Chaque volume est reçu comme un événement, salué avec enthousiasme. Bonne nouvelle? l'année de Rosbach, le septième volume a paru. L'Europe en est charmée. Outre les articles éclatants de Voltaire, Diderot, (p. 375) beaucoup d'autres saisissent, commandent l'attention. De l'article Genève qu'a donné d'Alembert, une révolution va sortir, le grand schisme encyclopédique.


C'est un sot préjugé, malheureusement fort répandu, qu'avant cette réaction le siècle avait flotté, divagué de côté et d'autre. Erreur. Il a marché très-droit.

Qu'on me laisse un moment remonter et marquer depuis 1720 quelle avait été cette voie.

1.—L'ACTION.—MONTESQUIEU, VOLTAIRE.

Le point de départ est l'arrêt de Montesquieu (dans la 117e des Lettres persanes) sur le catholicisme «qui ne peut durer cinq cents ans.»

Il n'eut jamais d'éclipse plus forte que sous la Régence. On ne le combattit pas; on l'oublia.

Le jugement de Dieu, qu'il attestait toujours, avait deux fois prononcé contre lui. Vaincu deux fois, avec Philippe II, avec Louis XIV, il paraissait fini. Il l'était bien plus en lui-même, ayant dans l'Unigenitus condamné l'Évangile, et les propres mots de Jésus.

Montesquieu ne s'amuse pas à faire la petite guerre, noter tel scandale, tel abus. Il va à la vraie question: Si le catholicisme meurt, est-ce un effet de ses abus qui l'écartent de l'Évangile? ou l'effet naturel, nécessaire, (p. 376) du principe chrétien?—Quel est-il, ce principe, et quelle est sa portée?

Regardant l'avenir, dédaignant le présent et méprisant ce monde, condamnant toute occupation mondaine, maudissant la nature, il est essentiellement stérile et dépopulateur (Lettre 144).—Il est le père des moines, mais il en est le fils, issu du monachisme oriental, si fort en Égypte, en Syrie, avant Jésus, plus fort dans la mort de l'Empire, ce grand tombeau des nations. Au monde défaillant qui n'agissait plus guère, qui n'espérait plus rien, il interdit l'espoir, défendit l'action.


Le premier mot qui part, en 1734, le premier cri, c'est: «l'action

Voltaire, dans ses Lettres anglaises et la lettre contre Pascal, dit la grande parole, le moderne Symbole: «Le but de l'homme est l'action.»

Nous avons vu Voltaire à ce très-beau moment, qu'on pourrait dire son moment stoïcien, quand, pauvre, ruiné, au retour d'Angleterre, il était caché près Paris.

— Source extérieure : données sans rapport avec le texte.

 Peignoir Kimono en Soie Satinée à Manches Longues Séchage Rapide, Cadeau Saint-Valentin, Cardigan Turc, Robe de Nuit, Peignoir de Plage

Aux jérémiades amères de Pascal sur les maux de l'homme, il répond noblement: «L'homme est heureux... Je suis heureux.»

Comment heureux? Par l'action.

L'action, but souverain de l'homme; avec ce mot il n'était plus besoin d'épigrammes, ni de petits combats. (p. 377) Cela renvoyait au néant les dogmes de l'inaction, de la contemplation stérile.

Le but, entendez-vous? ce n'est pas le plaisir; ce n'est pas l'intérêt (à vous! Helvétius, Holbach! À vous, les modernes écoles de la matière et du plaisir).

Voltaire se croit sensualiste et disciple de Locke. Il ne l'est point au fond. Il se sépare très-bien de lui et de tous ceux qui croient la morale variable, qui ne reconnaissent pas une règle identique d'action.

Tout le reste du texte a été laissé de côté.